What the hell do I do Monday?

I have worked since I was basically 12 and started babysitting, then working at Baskin Robbins, daycares, and so on…I don’t think (aside from first year of law school) I have ever NOT been employed.  Hell, I worked when I was studying for the bar exam.  So this is something that scares the hell out of me.   I worked during my maternity leave, for God’s sake! 
I am struggling with the feeling that I am letting my family down, and I am not going to lie that I am freaking out like you would not believe.  I am fortunate, however, that I am in a two-income household, and also, I do have my writing.  I’m not raking it in by any means but I am bringing in something.  But still…

Friday night and Saturday morning found me quickly applying for various freelance writing opportunities until T essentially pulled me away from the computer and told me to stop and take a breath.  That and think.  It is going to be hard, yes.  It is going to suck, yes, but I need to take this time to breathe and take care of myself, as well.  I did not just get mono for absolutely no reason, after all.  “You can start looking for writing gigs and then permanent jobs on Monday.” 

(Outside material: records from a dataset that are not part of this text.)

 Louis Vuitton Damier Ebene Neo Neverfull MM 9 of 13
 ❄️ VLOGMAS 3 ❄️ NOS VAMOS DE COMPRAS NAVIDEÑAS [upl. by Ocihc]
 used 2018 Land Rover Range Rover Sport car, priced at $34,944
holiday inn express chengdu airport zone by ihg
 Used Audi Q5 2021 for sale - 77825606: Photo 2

What am I going to do?  That is a whole other post for another day.  For now, I am taking as many freelance opportunities I can and potentially doing contract legal positions as I do some real soul searching.  I need to decide what it is I really want to do.  I need to find something that actually makes me happy.  For so long I have jumped from job to job because I had to and because I needed that immediate income.  But none of those jobs were right for me, and what did that bring me? A resume’ with lots jobs for short periods of time, and I never wanted that.  So I have some serious thinking to do, but a lot of writing in the process. 

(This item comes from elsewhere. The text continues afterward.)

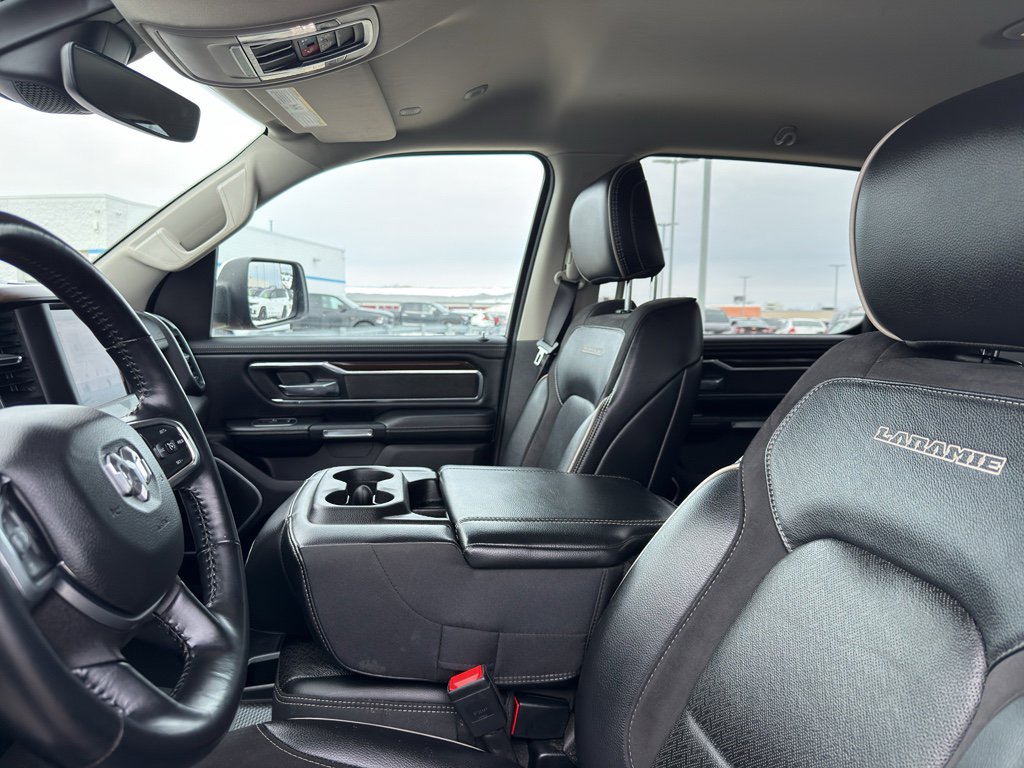 Used 2022 RAM 1500 Laramie image 24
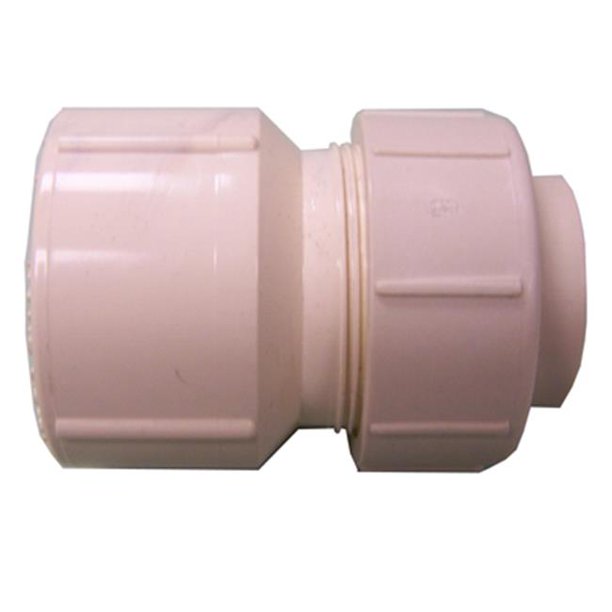 1" F.I.P. X 3/4" Universal Water Softener Adapter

And I’ll be damned if I sit on the couch watching daytime TV all day.



1 comment:

  1. No, but maybe take a week to collect your thoughts before you make your next move. Talk to college counsellers, see if they have general ideas of where you should aim and what you might like. They might just have something out of the box that you aren't seeing. Talk to people from professional associations. You mat have a resume with a lot of short stops, but that doesn't mean it can't work in your favor. I would have never thought experience with cutting fabric manually wopuld help me get my current job of cutting fabric by computer, but it did. You have more advantages than I dreamed of, and I moved up to a better job at age 51. You can do it- but you have to give yourself a chance to "not try to control that which you can't control" i.e. trying to get a job online at 3AM on a Saturday. T's right. Your world won't end if you are off work for a little bit. He knows you'll find something better, and so do I. Play it smart and don't settle.